Uber announced Thursday that its initial public offering of 180 million shares of its common stock would be priced at $45 USD per share.
Based on the amount of stock outstanding after the offering, the IPO price gives San Francisco-based Uber a market value of $75.5 billion USD, just below its last private market value of $76 billion. The fully diluted value, including restricted stock units and other shares, could be about $82 billion USD.
At that valuation, Uber is worth almost as much as Ford and General Motors combined. It will also have a valuation just above Goldman Sachs and be significantly larger than the electric-car maker Tesla. It is almost five times as valuable as rival ride-hailing company Lyft.
At that price, Uber announced, it would raise $8.1 billion USD to fund expansion into new markets and the continued development of expensive projects such as its driverless car and food-delivery divisions.
But it had hoped for a higher valuation. Appetite for the stock is thought to have been dampened by the limp performance of shares in rival Lyft, which floated in March and has since lost 27% of its IPO strike price.

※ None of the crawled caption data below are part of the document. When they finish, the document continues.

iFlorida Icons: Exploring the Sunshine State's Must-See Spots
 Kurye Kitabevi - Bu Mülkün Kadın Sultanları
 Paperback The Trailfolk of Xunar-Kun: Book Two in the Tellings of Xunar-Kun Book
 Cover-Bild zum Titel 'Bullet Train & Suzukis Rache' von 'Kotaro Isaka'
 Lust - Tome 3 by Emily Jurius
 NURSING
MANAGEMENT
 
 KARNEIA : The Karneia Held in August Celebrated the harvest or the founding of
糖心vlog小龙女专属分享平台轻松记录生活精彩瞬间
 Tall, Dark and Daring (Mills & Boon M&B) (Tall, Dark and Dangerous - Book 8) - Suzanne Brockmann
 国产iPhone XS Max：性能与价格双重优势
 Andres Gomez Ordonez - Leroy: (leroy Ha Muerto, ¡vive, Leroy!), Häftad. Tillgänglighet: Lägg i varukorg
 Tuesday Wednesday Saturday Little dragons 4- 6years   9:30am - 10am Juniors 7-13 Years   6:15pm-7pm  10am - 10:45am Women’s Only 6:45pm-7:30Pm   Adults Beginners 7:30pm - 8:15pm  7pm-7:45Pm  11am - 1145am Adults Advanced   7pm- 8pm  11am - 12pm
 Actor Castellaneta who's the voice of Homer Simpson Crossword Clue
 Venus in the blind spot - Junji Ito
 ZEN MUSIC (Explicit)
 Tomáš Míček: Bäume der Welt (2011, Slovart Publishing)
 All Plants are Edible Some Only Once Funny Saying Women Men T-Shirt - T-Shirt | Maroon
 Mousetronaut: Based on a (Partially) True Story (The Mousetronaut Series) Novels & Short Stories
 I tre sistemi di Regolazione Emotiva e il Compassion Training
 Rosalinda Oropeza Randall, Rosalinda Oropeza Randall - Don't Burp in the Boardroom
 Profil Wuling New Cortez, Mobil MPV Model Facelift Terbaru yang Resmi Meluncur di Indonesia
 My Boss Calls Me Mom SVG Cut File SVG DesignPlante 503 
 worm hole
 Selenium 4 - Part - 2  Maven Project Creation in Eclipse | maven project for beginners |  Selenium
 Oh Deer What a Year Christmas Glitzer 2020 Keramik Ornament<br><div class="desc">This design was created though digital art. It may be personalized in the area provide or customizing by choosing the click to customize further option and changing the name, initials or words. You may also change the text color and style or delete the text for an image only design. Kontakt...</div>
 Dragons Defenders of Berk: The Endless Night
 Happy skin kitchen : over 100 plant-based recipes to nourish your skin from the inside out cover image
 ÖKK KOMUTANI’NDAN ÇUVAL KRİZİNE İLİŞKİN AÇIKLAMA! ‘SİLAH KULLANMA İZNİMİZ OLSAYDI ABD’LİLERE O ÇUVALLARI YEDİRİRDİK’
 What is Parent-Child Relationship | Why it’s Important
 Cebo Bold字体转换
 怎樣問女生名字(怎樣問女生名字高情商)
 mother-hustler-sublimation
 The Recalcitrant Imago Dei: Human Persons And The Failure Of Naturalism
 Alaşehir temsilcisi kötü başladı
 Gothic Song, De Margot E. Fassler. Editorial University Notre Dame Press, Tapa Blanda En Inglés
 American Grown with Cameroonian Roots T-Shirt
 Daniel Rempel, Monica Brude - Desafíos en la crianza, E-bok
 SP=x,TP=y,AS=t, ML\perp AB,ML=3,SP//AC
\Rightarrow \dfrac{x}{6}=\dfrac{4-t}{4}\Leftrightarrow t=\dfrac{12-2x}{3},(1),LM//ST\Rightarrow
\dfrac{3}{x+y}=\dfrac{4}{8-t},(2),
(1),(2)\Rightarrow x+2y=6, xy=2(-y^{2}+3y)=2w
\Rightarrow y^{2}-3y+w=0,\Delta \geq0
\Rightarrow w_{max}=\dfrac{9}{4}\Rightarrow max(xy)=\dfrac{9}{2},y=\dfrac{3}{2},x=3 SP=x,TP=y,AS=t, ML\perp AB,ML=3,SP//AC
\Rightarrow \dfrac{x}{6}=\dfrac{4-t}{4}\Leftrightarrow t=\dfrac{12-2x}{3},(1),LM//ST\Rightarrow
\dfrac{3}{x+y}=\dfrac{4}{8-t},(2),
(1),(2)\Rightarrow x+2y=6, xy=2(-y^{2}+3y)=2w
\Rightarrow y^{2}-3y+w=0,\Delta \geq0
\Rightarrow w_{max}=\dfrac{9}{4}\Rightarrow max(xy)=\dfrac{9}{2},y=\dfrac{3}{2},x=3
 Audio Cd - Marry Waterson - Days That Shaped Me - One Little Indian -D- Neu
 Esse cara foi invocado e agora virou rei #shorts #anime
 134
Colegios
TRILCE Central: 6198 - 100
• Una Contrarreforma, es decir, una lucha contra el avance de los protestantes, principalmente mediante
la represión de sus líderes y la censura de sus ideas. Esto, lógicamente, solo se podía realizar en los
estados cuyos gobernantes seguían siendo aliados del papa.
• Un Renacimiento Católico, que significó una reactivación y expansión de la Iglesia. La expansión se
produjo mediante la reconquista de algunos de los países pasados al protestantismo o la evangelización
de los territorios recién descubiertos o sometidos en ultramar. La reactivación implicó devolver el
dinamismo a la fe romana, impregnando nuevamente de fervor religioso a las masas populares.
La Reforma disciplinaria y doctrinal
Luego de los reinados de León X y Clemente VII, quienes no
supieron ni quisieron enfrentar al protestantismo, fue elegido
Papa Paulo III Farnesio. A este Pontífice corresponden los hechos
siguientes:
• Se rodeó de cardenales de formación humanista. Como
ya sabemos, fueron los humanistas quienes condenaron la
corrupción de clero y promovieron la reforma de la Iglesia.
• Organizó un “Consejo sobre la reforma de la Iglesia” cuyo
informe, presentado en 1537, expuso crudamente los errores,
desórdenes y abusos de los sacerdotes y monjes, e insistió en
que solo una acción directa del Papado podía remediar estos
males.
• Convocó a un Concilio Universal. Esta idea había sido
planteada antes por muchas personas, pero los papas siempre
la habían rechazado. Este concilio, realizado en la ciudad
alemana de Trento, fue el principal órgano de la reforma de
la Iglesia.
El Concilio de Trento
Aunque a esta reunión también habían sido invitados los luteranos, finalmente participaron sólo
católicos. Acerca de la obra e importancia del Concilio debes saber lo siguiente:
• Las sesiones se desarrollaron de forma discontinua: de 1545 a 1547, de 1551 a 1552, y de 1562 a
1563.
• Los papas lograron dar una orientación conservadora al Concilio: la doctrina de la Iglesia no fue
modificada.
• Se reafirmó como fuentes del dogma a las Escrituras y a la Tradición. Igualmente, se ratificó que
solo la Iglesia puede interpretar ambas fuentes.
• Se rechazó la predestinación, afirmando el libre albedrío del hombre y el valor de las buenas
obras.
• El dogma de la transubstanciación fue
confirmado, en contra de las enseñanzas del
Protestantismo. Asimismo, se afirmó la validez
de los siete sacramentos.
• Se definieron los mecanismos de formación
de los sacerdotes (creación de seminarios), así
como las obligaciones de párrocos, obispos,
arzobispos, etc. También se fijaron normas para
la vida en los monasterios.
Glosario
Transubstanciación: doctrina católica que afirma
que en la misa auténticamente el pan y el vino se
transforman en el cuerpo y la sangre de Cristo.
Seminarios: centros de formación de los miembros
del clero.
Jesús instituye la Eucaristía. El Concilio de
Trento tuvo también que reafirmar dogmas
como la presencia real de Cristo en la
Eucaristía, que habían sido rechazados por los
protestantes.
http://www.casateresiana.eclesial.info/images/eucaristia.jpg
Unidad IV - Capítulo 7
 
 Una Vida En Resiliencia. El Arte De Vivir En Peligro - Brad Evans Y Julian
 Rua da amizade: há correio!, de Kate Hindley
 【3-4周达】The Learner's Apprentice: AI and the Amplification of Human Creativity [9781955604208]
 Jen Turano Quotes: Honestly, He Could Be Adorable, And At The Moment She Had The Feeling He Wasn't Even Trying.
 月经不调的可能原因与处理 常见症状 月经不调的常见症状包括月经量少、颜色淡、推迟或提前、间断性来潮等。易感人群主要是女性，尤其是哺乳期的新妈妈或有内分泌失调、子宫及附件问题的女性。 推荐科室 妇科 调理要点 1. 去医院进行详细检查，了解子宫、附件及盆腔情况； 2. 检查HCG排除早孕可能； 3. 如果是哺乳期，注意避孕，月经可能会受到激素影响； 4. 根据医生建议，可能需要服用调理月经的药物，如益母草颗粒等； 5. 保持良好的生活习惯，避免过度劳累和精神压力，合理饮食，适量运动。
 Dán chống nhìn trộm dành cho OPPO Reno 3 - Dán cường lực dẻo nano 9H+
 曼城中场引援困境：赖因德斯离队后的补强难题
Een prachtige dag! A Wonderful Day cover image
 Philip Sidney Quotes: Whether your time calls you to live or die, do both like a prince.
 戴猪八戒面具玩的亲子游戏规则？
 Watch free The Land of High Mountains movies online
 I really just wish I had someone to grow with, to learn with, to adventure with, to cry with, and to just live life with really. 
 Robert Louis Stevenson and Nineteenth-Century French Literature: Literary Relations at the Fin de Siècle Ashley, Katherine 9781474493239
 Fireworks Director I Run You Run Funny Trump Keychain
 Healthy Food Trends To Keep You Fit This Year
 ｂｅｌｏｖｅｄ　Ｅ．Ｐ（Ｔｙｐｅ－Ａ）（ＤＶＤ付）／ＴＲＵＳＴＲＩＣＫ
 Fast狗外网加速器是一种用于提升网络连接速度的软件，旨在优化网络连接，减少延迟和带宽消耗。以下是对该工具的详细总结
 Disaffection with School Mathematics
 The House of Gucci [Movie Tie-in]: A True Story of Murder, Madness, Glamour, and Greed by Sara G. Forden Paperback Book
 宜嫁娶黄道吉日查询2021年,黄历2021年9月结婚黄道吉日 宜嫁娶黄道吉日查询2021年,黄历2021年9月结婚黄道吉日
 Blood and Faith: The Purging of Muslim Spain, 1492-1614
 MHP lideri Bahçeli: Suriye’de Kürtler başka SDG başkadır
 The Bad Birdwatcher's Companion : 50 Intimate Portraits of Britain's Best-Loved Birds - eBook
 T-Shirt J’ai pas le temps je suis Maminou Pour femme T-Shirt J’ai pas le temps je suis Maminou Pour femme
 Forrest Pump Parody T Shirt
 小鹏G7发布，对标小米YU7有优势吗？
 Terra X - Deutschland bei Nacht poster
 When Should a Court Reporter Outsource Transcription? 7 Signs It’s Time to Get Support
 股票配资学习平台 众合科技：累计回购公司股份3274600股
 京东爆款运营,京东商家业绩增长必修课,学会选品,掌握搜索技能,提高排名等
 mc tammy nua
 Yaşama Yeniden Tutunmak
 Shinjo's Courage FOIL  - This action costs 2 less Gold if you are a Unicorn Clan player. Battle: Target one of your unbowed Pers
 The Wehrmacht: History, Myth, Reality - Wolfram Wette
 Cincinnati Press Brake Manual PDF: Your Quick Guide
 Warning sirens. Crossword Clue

“We view Uber’s conservative pricing as a smart and prudent strategy coming out of the box as it clearly learned from its ‘little brother’ Lyft, and the experience it has gone through over the past month,” Wedbush Securities analyst Dan Ives said.
The IPO pricing was a balancing act for Uber’s team of underwriting banks, led by Morgan Stanley, Goldman Sachs, and Bank of America Merrill Lynch, to negotiate a good price while leaving some upside to ensure the stock trades up on its market debut.
The ride-hailing service is expected to begin trading on the New York Stock Exchange on Friday under the symbol “UBER.”